● Prompt:
From the line containing "Bota Tática C.A. Mamute 2.0 Chumbo" onward, retype each line of the entries below exactly, last line included.

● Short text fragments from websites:
BEGIN
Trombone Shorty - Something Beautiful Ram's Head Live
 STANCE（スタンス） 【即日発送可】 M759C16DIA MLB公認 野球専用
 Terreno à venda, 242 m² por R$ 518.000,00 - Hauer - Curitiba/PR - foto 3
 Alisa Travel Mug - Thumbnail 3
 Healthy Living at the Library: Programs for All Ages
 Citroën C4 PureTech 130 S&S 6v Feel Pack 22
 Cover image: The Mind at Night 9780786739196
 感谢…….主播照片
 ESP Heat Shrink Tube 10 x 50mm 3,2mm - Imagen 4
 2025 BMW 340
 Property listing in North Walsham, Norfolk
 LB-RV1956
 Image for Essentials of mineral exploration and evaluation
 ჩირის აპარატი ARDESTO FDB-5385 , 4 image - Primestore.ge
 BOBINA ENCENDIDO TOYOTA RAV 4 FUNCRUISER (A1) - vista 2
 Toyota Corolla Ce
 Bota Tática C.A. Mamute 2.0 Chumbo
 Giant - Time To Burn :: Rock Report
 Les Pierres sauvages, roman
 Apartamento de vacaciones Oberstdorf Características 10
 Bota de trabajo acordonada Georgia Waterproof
END
● Output below:
 Bota Tática C.A. Mamute 2.0 Chumbo
 Giant - Time To Burn :: Rock Report
 Les Pierres sauvages, roman
 Apartamento de vacaciones Oberstdorf Características 10
 Bota de trabajo acordonada Georgia Waterproof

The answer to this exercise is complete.